Task inputs:

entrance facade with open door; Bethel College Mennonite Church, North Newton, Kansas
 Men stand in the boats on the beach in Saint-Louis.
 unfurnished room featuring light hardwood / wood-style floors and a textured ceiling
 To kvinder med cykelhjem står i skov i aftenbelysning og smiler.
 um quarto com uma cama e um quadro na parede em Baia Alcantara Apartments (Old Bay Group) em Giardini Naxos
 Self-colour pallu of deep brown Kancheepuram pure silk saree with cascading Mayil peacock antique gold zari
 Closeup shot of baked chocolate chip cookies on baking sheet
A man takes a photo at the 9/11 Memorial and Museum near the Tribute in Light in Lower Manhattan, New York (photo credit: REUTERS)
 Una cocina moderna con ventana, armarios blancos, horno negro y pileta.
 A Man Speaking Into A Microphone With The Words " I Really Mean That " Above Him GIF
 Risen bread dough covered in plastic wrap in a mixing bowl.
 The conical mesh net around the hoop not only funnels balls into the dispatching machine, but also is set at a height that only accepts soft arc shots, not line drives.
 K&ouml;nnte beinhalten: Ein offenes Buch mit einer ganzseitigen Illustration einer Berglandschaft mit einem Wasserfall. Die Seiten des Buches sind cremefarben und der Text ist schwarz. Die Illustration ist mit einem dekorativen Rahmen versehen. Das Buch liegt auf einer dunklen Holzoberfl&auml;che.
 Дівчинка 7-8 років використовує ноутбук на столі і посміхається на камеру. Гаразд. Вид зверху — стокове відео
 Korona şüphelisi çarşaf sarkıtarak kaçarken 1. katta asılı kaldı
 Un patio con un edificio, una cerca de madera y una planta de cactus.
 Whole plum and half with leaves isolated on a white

Problem: Above are the entries. Quote exactly the lines from the one bearing "Closeup shot of" through the one bearing "Una cocina moderna".

Expected answer:
 Closeup shot of baked chocolate chip cookies on baking sheet
A man takes a photo at the 9/11 Memorial and Museum near the Tribute in Light in Lower Manhattan, New York (photo credit: REUTERS)
 Una cocina moderna con ventana, armarios blancos, horno negro y pileta.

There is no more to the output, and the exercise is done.